Getting creative with technology is the best thing one can do!

Engineers help us designers find boundaries to work within. These boundaries are essential to the creation of design. A blue sky vision is in most cases not grounded in a reality that can touch the hands and lives of users. It also is much harder to create without limitations. Just like physical materials have properties which an artist can manipulate and experiment, so to in the world of virtual creation do technical properties allow designers to experiment within a ruleset. Sometimes the most creative ideas come out of technical limitations. An art teacher of mine once said: 'find out what the material does best and help it do to that.' By studying and understanding technical boundaries at hand, designers can start sculpting solutions that are imaginative and real. It's about successfully finding the edges of those boundaries early on that can often make or break a given design.

When working together, designers and engineers are faster than working alone. I am privileged enough to have the opportunity to work side-by-side an amazing engineering team and this allows for faster, more productive iterations. We are able to find on-the-spot solutions because we both have our sleeves rolled up, and are at the same table. Cross-functional teams are powerful because they bring together all different viewpoints rather than fragmenting them and forcing communication to happen much later in the game.

Performance, reliability, joy of use, and usability are four components that together make up a great user experience. Both engineers and designers have the ability to affect each one of these. An app that is beautiful yet slow is not a great experience. So too, a reliable app without a great UI lacks the human factors which comprise a satisfying experience.

Together we are more empowered to do something better: We are closest to the product because we are in the day to day, creating and building the product. Let's face it, if a product is not designed and built it does not ship. Don't ever forget this when you are working on a project. It can be easy to do so especially in large companies where business analysis and general management are forces of nature. But feel empowered in knowing that you have huge influence over the product at hand because you are knee deep in the creation of it, you are on the front line. Never loose a sense of ownership, purpose or control.

 

"Find your common cause and get fucking passionate about it." - J. Gravante

Purpose unites teams and inspiration drives teammates. Its essential to maintain momentum together. Projects are fluid, so is inspiration. Don't hold back! Share with your team: every inspiration a single person has when working on a project has the potential to inspire a team or even just one other individual. This leads to maintaining the momentum necessary to effectively move the team forward.

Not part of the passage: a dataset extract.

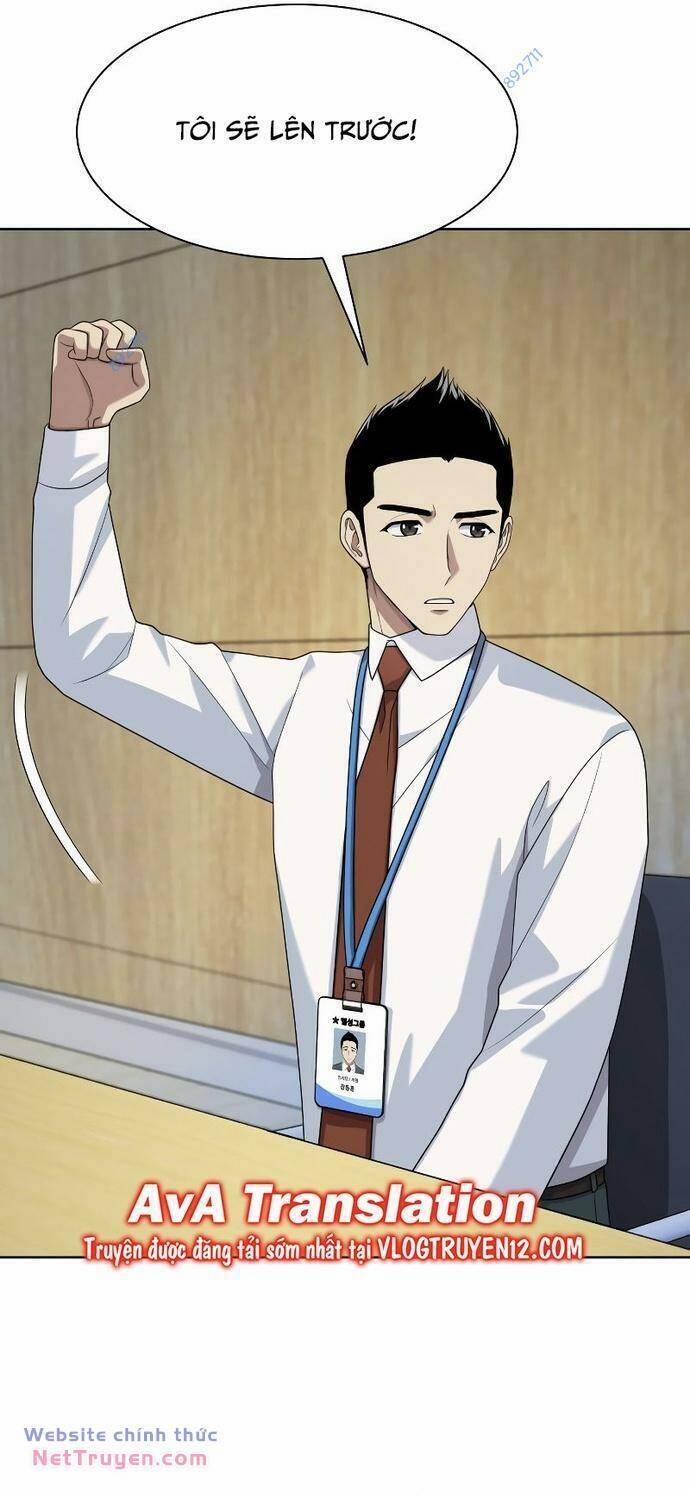 Từ Nhân Viên Vạn Năng Trở Thành Huyền Thoại 34 trang 34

Be inclusive! Don't throw requests over a wall and expect good results. In fact, expect poor results - no one likes to feel like there are fingers pointed or walls are drawn. We are all in this together. Don't assume a designer doesn't care. Don't assume an engineer doesn't care. Designers can be flexible, we value the work that engineers do and understand what sweat and tears can go into developing a great solution: nothing is 'just magic.' Real people create real solutions through both design and development.

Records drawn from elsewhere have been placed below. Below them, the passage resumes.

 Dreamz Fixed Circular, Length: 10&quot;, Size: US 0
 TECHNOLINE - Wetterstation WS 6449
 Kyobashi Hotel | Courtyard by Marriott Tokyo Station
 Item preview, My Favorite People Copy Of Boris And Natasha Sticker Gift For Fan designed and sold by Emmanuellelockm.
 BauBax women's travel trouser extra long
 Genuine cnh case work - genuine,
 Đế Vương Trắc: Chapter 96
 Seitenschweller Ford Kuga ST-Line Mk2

Share ownership with your teammates. Nothing is black or white. Every team-member has the potential to individually contribute, so don't de-value the power of co-creating. Feel empowered to speak up, especially when you don't agree or understand a design or technical idea. Sometimes the best results come out of the disagreements we have because they point out different ways of seeing the same problem and, in turn, allow us to expand how we think as well as to be more creative collectively. The more questions asked, the more thoughtful decisions are made!

 

Expand the definition of what you do.

Powerful teams respect dynamic roles. This means that I may not always have the same role on a team. I may have to wear many hats during the evolution of the project so I, in effect, expand and contract to fill in the holes of the team. Be flexible enough to provide room for your teammates to do their job best, be humble enough to ask for help when you need it, and be fearless in taking on new challenges. As you grow the team grows. Designs and engineers are both researchers and problem solvers. As some have compared the creativity that scientists and artists both have, I believe this dynamic to be the same between engineers and designers. We are more alike than one may first observe and with a common goal we can work as a great unit.

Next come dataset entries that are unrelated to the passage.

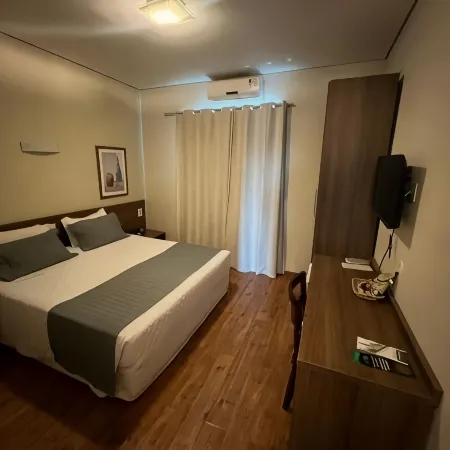 Hotel Serra de Jundiaí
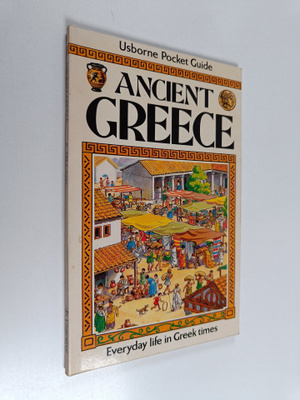 Pocket Guide to Ancient Greece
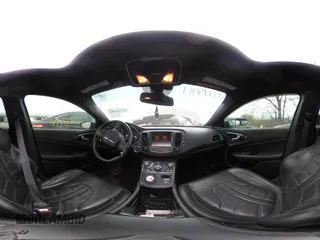 2015 Chrysler 200 S with VIN 1C3CCCBB7FN729956, listed as a IAAI auction lot 41721981 with 149,521 mi miles. Bid and sale history available at carsss.com. Image 18.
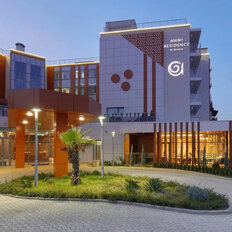 Квартира 31 м², студия - изображение 1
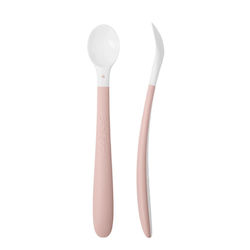 BabyBjorn Set pentru bebeluși cu Linguri din Pl...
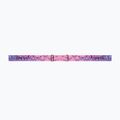 Maschera da sci per bambini Smith Rascal Jr S2 bright pink lofi butterfly/rose copper antifog 5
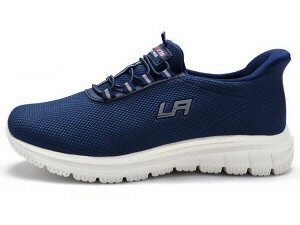 �y�J�W���A���V���[�Y�zLARKINS�i���[�L���X�j�����Y �h���X���b�|���X�j�[�J�[L-203-NAVY�y470/L-86�z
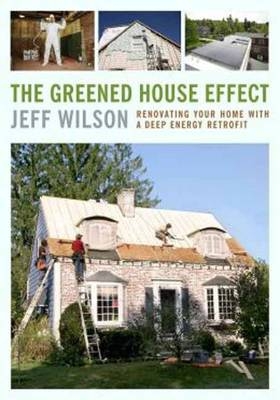 The Greened House Effect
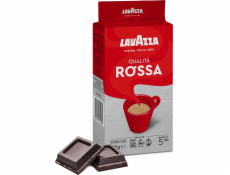 Lavazza Qualita Rossa 250 g mletá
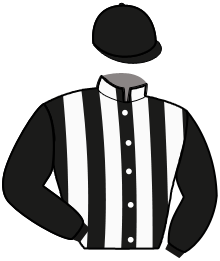 Casaque de HANNAH DU BERYL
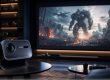 Aurzen Boom Mini, un vidéoprojecteur surprenant.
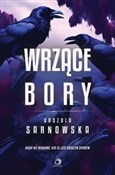 Wrzące Bor... - Urszula Sarnowska -  fremdsprachige bücher polnisch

Play a role in every aspect of the process. Don't settle at being the bottom of the funnel. Your component may be a peice of the larger puzzle, but it is the overlap, those fuzzy areas where the true glue happens. Don't over-reach, but at the same time know that people will in most cases be thankful for your input. A holistic approach to design and development means a better product in the end. Not everyone is going to be a bridge to the extended team, but for those that are capable realize the importance of reaching out and getting involved in the greater effort.

Own it together! Unique talents comprise a team. Individuality is essential to gaining perspective. So celebrate individual talents, successes and opinions. A team is only as good as the sum of its parts. So let the individuals shine within the group and be vocal about these differences.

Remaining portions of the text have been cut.